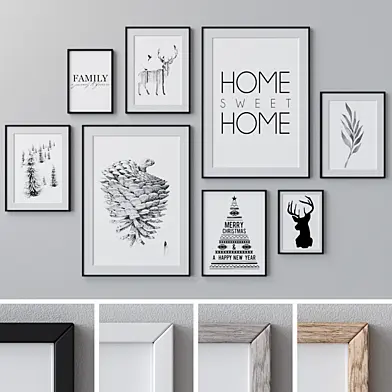 Photo Frames Set 904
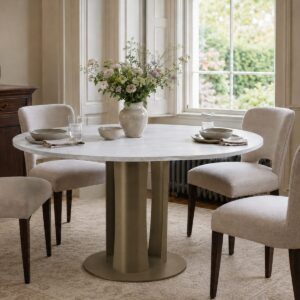 Hadley Round Dining Table Base - Image 4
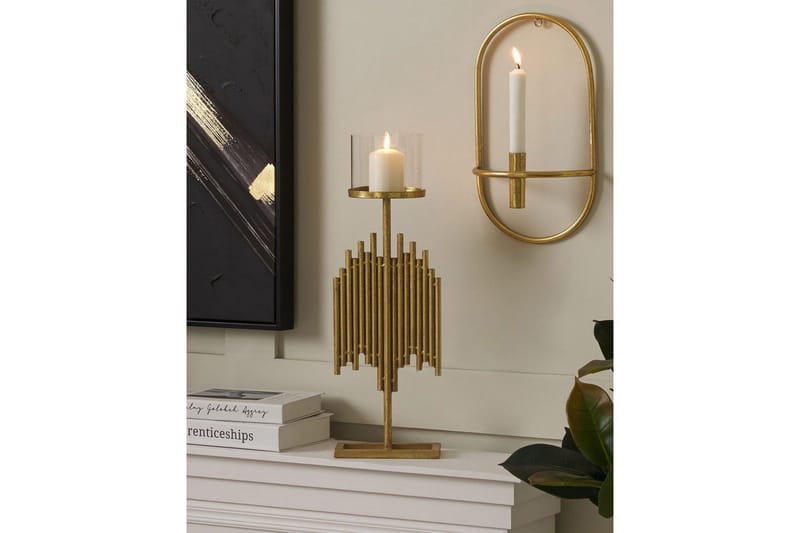 Ljusstake Nias 18x13x53 cm - 18x13x53 cm - Inredning - Ljus & dofter - Ljusstake & ljuslykta - Kandelaber & bordsljusstake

■ **BRIEF**
Where the material above includes pictures, omit them and retype everything else exactly.

■ **RESPONSE BOX**
 Photo Frames Set 904
 Hadley Round Dining Table Base - Image 4
 Ljusstake Nias 18x13x53 cm - 18x13x53 cm - Inredning - Ljus & dofter - Ljusstake & ljuslykta - Kandelaber & bordsljusstake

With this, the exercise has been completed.